++++ Supplied records ++++

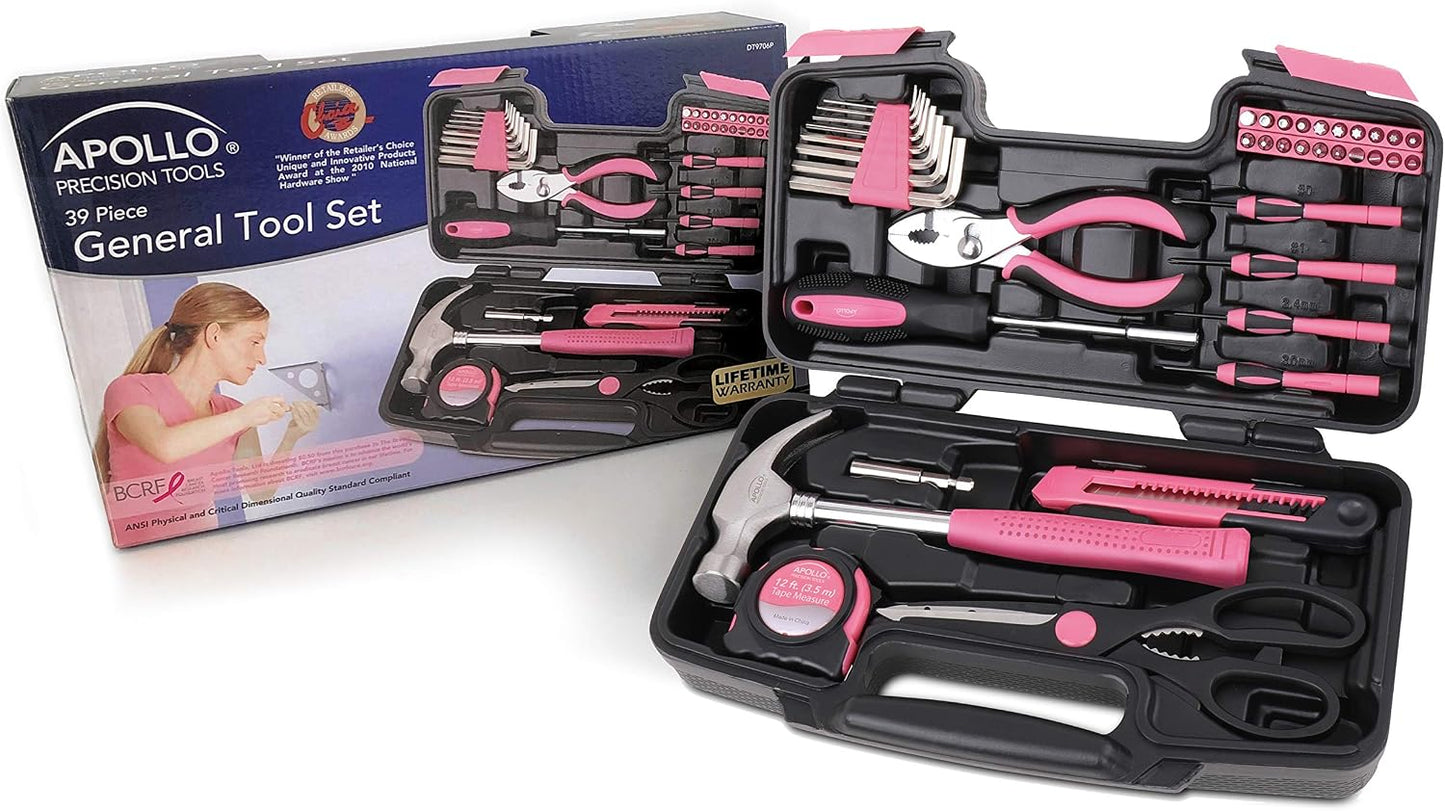 Apollo Tools Original 39 Piece General Household Tool Set in Toolbox Storage Case with Essential Hand Tools for Everyday Home Repairs, DIY and Crafts Red/Black - DT9706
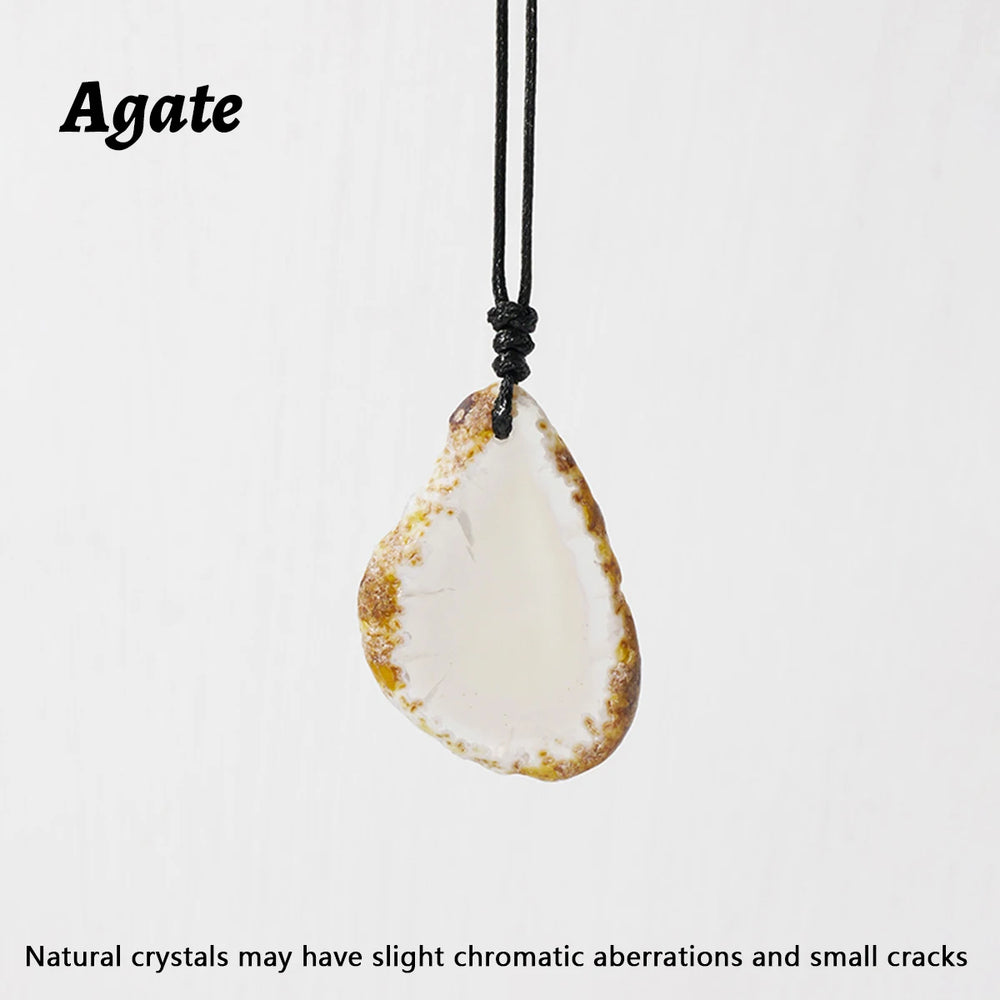 1pc Natural Healing Gemstone Agate Slices Irregular stones Pendant Charm Crystal Necklace Energy Amulet Jewelry Gift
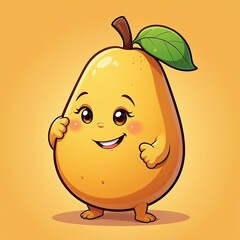 Fototapeta premium Cheerful Yellow Pear Cartoon Character with Green Leaf Headgear on Vibrant Yellow Background. A cartoon pear with a green leaf on its head.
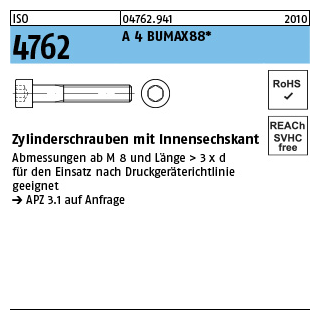 ISO 4762 A 4 BUMAX88 Zylinderschrauben mit Innensechskant - Abmessung: M 3 x 10, Inhalt: 500 Stück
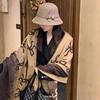 Bow Tassel Scarf Women's Winter Large Shawl High End Double-sided Imitation Cashmere Extended and Thickened Warm Scarf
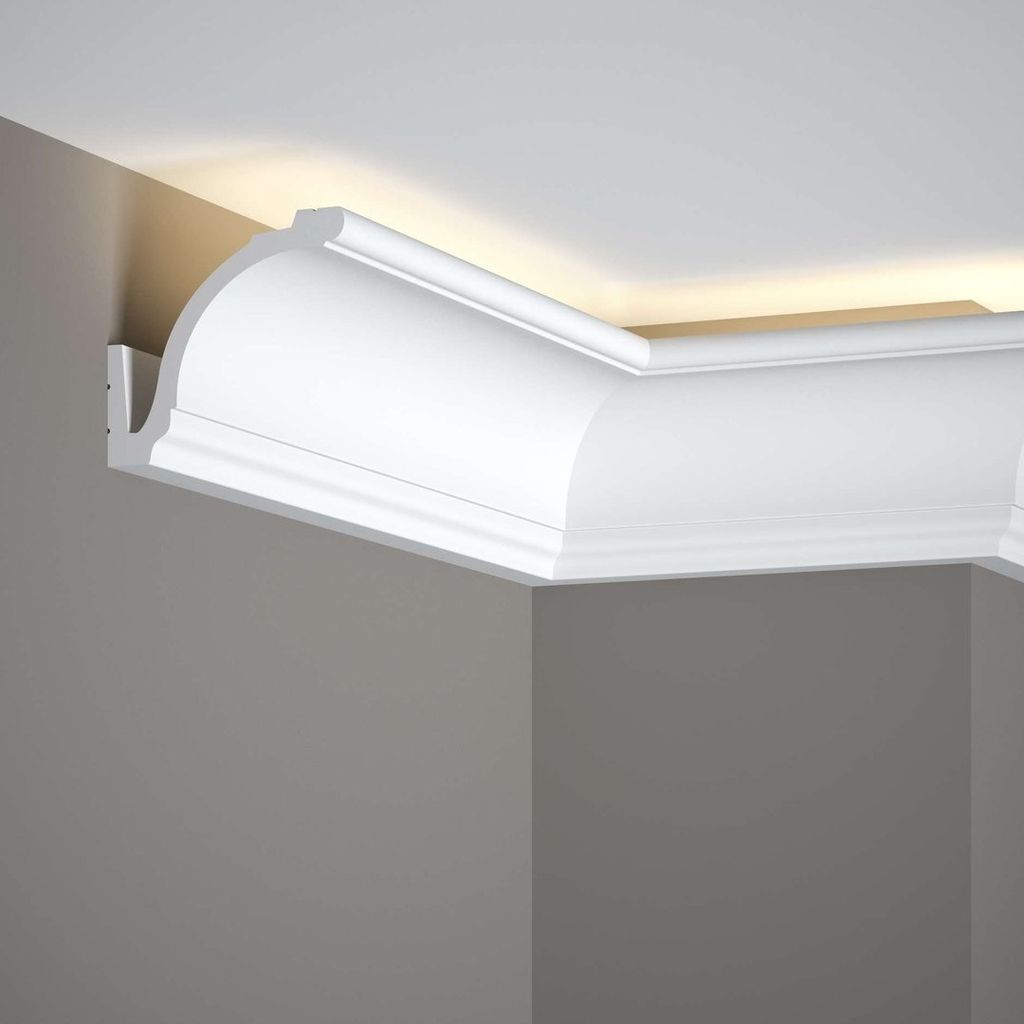 PROVISTON | Vorhangleiste Polystyrol | 92 x 83 x 2000 mm | Weiß | Stuckleiste | Lichtleiste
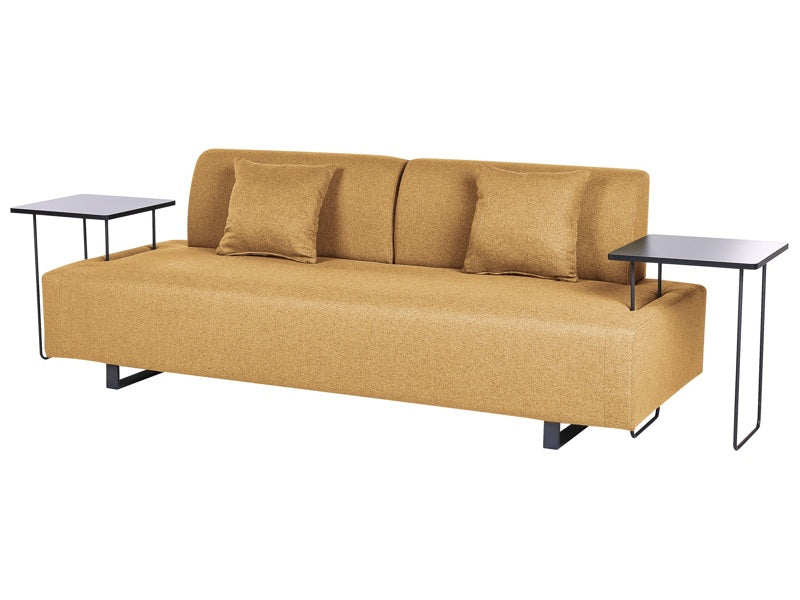 Sofa with Side Tables Yellow Polyester 3 Seater Removable Armrests and Backrest with 2 Side Tables Beliani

++++

## Work instructions
When pictures appear among the entries, skip them and copy all remaining text precisely.

## Solution to this problem
 Apollo Tools Original 39 Piece General Household Tool Set in Toolbox Storage Case with Essential Hand Tools for Everyday Home Repairs, DIY and Crafts Red/Black - DT9706
 1pc Natural Healing Gemstone Agate Slices Irregular stones Pendant Charm Crystal Necklace Energy Amulet Jewelry Gift
 Fototapeta premium Cheerful Yellow Pear Cartoon Character with Green Leaf Headgear on Vibrant Yellow Background. A cartoon pear with a green leaf on its head.
 ISO 4762 A 4 BUMAX88 Zylinderschrauben mit Innensechskant - Abmessung: M 3 x 10, Inhalt: 500 Stück
 Bow Tassel Scarf Women's Winter Large Shawl High End Double-sided Imitation Cashmere Extended and Thickened Warm Scarf
 PROVISTON | Vorhangleiste Polystyrol | 92 x 83 x 2000 mm | Weiß | Stuckleiste | Lichtleiste
 Sofa with Side Tables Yellow Polyester 3 Seater Removable Armrests and Backrest with 2 Side Tables Beliani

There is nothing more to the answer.